Im zweiten Frühlings-Kolloquium des Institut Geomatik, über die Königsklasse in der Vermessung, stellte Stefan Conzett von der terra vermessungen AG die Vermessungsarbeiten am Kerenzerbergtunnel vor. Mithilfe von Anekdoten zwischen Realität und Theorie, wurde die Bauherrenvermessung vom Sicherheitsstollen, den Zuhörerinnen nähergebracht.

Im Projekt von ASTRA wird ein neuer Sicherheitsstollen im Kerenzerbergtunnel am Walensee gebaut. Dieser verläuft parallel zur bestehenden Röhre in Fahrtrichtung Zürich-Chur. Neben der Realisierung des neuen Sicherheitsstollens bis Ende 2024, wird die Hauptröhre bis 2026 instandgesetzt. Der Sicherheits-stollen mit einem Innendurchmesser von 6.3 m hat eine Länge von 5.6 km.
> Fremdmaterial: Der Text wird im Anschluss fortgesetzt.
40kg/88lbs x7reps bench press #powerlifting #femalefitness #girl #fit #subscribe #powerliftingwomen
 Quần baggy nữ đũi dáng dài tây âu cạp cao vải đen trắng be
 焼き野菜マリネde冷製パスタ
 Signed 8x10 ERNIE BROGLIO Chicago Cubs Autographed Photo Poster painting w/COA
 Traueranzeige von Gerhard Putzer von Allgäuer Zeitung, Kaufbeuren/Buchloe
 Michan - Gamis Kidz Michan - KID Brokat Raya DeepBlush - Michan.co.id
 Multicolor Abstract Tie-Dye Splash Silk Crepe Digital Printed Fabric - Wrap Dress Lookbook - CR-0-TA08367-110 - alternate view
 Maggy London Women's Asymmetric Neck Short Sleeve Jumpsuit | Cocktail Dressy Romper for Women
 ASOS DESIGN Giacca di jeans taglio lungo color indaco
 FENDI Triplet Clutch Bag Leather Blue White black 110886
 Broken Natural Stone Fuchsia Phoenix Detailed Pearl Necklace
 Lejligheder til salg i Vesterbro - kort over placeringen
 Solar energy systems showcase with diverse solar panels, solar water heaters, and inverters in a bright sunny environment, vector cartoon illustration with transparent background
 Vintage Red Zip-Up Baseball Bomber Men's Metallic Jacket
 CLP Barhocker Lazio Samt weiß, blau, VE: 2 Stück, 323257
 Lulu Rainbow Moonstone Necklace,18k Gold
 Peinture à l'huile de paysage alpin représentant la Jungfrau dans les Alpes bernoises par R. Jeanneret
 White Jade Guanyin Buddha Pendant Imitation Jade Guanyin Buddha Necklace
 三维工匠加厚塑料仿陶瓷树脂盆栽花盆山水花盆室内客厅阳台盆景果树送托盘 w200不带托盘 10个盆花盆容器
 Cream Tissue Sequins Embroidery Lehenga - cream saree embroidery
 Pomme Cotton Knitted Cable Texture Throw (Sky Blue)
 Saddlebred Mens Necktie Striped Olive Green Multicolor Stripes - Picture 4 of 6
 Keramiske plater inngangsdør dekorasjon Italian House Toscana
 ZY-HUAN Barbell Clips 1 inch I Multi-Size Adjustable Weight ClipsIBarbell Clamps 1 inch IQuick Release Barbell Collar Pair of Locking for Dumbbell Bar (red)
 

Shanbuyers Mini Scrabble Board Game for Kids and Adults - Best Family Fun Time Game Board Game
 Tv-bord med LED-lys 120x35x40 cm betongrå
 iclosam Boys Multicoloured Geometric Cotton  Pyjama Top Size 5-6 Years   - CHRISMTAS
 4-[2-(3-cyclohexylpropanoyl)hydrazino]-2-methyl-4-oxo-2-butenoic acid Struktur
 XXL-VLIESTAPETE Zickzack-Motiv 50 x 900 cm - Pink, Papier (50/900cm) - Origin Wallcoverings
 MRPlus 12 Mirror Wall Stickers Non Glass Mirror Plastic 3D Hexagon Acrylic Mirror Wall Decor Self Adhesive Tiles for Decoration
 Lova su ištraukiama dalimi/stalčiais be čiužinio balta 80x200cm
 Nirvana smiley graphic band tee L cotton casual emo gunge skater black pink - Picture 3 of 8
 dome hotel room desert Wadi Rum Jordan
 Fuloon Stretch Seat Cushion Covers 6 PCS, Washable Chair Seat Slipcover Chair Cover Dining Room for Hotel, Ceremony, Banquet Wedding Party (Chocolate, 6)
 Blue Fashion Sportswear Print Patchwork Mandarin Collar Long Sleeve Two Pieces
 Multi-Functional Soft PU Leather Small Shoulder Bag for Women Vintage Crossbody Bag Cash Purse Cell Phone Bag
Eine Eigenheit bei diesem Projekt ist, das es etwa in der Hälfte schon einen bestehenden Stollen hat, der zum See hinunterführt.

Die Firma terra vermessungen AG hat in diesem Projekt das Mandat der Bauherrenvermessung erhalten. Dazu gehören verschiedene Aufgaben wie zum Beispiel Grundlagenetz und Tunnelnetz, Ausführungskon-trolle, geodätische Überwachungsmessungen.

Grundlagenetz

Das Grundlagenetz stellt die Grundlage des ganzen Projektes dar. Die geforderten Toleranzen für den Durchschlag betragen ± 80 mm quer, ± 100 mm längs und ± 30 mm in der Höhe bezüglich der Sollachse. Da die Vortriebssteuerung ohne Vermessungskreisel durchgeführt wird, ist es ausfordernd die ge-wünschten Toleranzen des Bauherrn einzuhalten. Aufgrund der Tatsache, dass es in der Mitte des Tun-nels ein bestehender Stollen ins Freie gibt, konnte eine Durchschlagsgenauigkeit von 25 mm in Querrichtung und 22mm in Längsrichtung errechnet werden. Um die gewünschten Toleranzen zu erreichen, musste ein gutes Grundlagenetz erstellt werden. Obschon ein Grundlagenetz von vorherigen Arbeiten vorhanden war, entschied sich die Firma terra vermessungen AG ein komplett neues Netz zu erstellen. Die Entscheidung fiel auf ein Kombinetz, das heisst eine Kombination aus GNSS und terrestrischen Messungen. Das gesamte Netz erstreckt sich über eine Länge von 10 km und einer Breite von 2.5 km. Das Netz besteht aus 15 Punkten. Diese wurden zuerst mit statischen GNSS-Messungen in 2 Sessionen à 24 Stunden gemessen. Dabei wurde eine Genauigkeit von 3 mm in der Lage und 4 mm in der Höhe angestrebt. Die tachymetrischen Messungen wahren mit einigen Schwierigkeiten verbunden. Aufgrund der langen Visuren (3-5 km), den grossen Höhenunterschieden und des unberechenbaren Nebels, konnte nicht immer wie gewünscht gemessen werden. Hinzu kamen die teilweise grossen Temperaturunterschiede bei den Messungen über den See. Diese stellten die Vermesserinnen vor einer grossen Heraus-forderung und zwar die Modellierung der atmosphärischen Parameter entlang der Visuren. Weitere und nicht vernachlässigbare Parameter sind die unterschiedlichen Lotabweichungen in der Region, wegen den Bergen und Tälern. Die Auswertungen der GNSS und tachymetrischen Messungen wurden in LTOP ausgeführt. Dank diesem Netz konnte an beiden Portalen Konfidenzellipsen von 1.6 bzw. 1.4 mm erzielt werden, was eine gute Ausgangslage für den Beginn des Vortriebs geboten hat.

Vortriebskontrollen

An einem Tag treiben 10 – 20 Bergleute die Tunnelbohrmaschine ca. 25 m durch den Berg. Dabei gilt es sicherzustellen, dass der Tunnel in die richtige Richtung gebohrt wird. Diese Arbeit muss alle 300 – 400 m gemacht werden und wird Vortriebskontrolle genannt. Hierfür wird ca. alle 4 Wochen ein Polygon-netz bis kurz hinter der Tunnelbohrmaschine gemessen. Dabei misst man nicht bei jeder Vortriebskon-trolle von vorne, also vom Tunnelportal aus, sondern man schliesst mit einer gewissen Überlappung beim schon bestehenden Netz an.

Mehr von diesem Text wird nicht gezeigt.